■ Activity: The answer is a single figure: how many lines below contain the word "promedio".

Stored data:
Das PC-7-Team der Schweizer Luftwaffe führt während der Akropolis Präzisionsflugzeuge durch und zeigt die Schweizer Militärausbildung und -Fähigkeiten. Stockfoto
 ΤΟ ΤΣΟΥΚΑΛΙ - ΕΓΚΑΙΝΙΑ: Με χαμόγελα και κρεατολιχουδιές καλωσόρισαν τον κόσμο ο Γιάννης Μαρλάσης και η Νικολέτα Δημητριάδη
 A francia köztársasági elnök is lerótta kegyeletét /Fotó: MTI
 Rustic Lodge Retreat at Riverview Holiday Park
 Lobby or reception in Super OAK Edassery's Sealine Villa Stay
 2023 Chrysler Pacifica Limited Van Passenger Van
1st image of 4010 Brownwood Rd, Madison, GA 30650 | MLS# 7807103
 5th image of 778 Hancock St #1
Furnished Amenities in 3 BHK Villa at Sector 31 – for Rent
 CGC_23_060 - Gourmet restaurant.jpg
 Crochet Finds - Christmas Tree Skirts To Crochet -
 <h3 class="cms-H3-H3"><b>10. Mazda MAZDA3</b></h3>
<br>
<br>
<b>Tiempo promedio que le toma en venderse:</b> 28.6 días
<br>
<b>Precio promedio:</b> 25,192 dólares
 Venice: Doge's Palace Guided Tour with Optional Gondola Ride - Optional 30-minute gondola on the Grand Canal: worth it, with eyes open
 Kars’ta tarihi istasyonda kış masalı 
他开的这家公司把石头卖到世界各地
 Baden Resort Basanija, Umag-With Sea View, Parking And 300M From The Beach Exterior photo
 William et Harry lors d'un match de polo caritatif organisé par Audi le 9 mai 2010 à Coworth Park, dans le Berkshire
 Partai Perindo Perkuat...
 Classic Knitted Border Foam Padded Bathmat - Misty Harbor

■ Response to the task: 2